This code learns reward functions from human preferences in various tasks by actively generating batches of scenarios and querying a human expert.
Companion code to CoRL 2018 paper:
E Bıyık, D Sadigh. "Batch Active Preference-Based Learning of Reward Functions". Conference on Robot Learning (CoRL), Zurich, Switzerland, Oct. 2018.
You need to have the following libraries with Python3:
Throughout this demo,
- [task_name] should be selected as one of the following: Driver, LunarLander, MountainCar, Swimmer, Tosser
- [method] should be selected as one of the following: nonbatch, greedy, medoids, boundary_medoids, successive_elimination, random For the details and positive integer parameters K, N, M, b, B; we refer to the publication. You should run the codes in the following order:
Sampling the input space
This is the preprocessing step, so you need to run it only once (subsequent runs will overwrite for each task). It is not interactive and necessary only if you will use batch active preference-based learning. For non-batch version and random querying, you can skip this step.
You simply run
python input_sampler.py [task_name] K
For quick (but highly suboptimal) results, we recommend K=1000. In the article, we used K=500000.

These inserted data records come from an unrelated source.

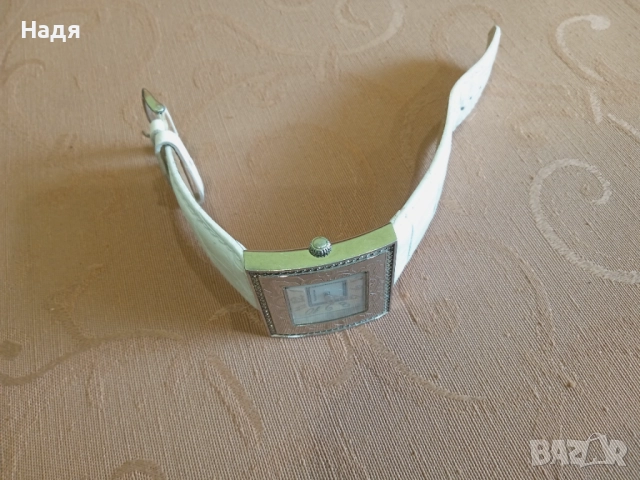 Часовник Paris Hilton, снимка 3 - Дамски - 52315612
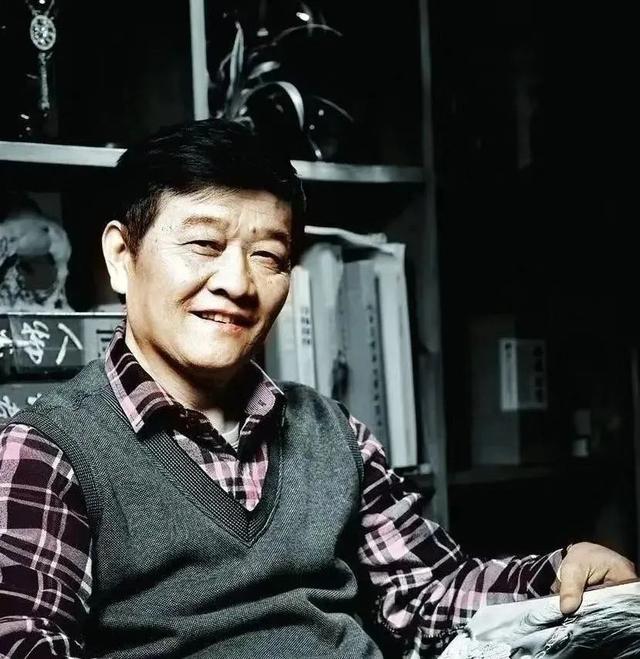 笑靥如花——画家邬江笔下的幸福笑脸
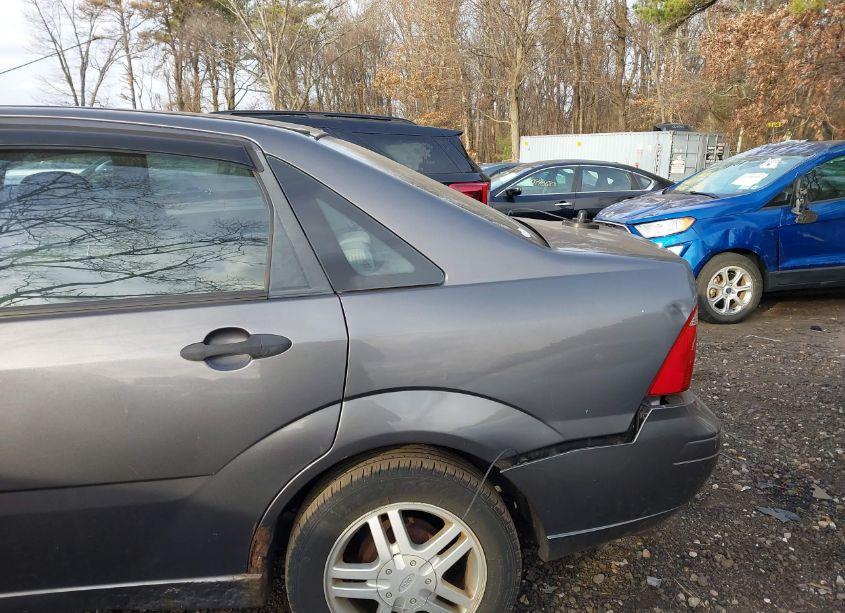 Photo 6 of 2007 Ford Focus S/SE/SES (VIN 1FAFP34N87W263542)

Learning preference reward function
This is where the actual algorithms work. You can simply run
python run.py [task_name] [method] N M b
b is required only for batch active learning methods. We fixed B=20b. To change that simply go to demos.py and modify 11th line. Note: N must be divisible by b. After each query or batch, the user will be showed the w-vector learned up to that point. To understand what those values correspond to, one can check the 'Tasks' section of the publication.
Demonstration of learned parameters
This is just for demonstration purposes. run_optimizer.py starts with 3 parameter values. You can simply modify them to see optimized behavior for different tasks and different w-vectors.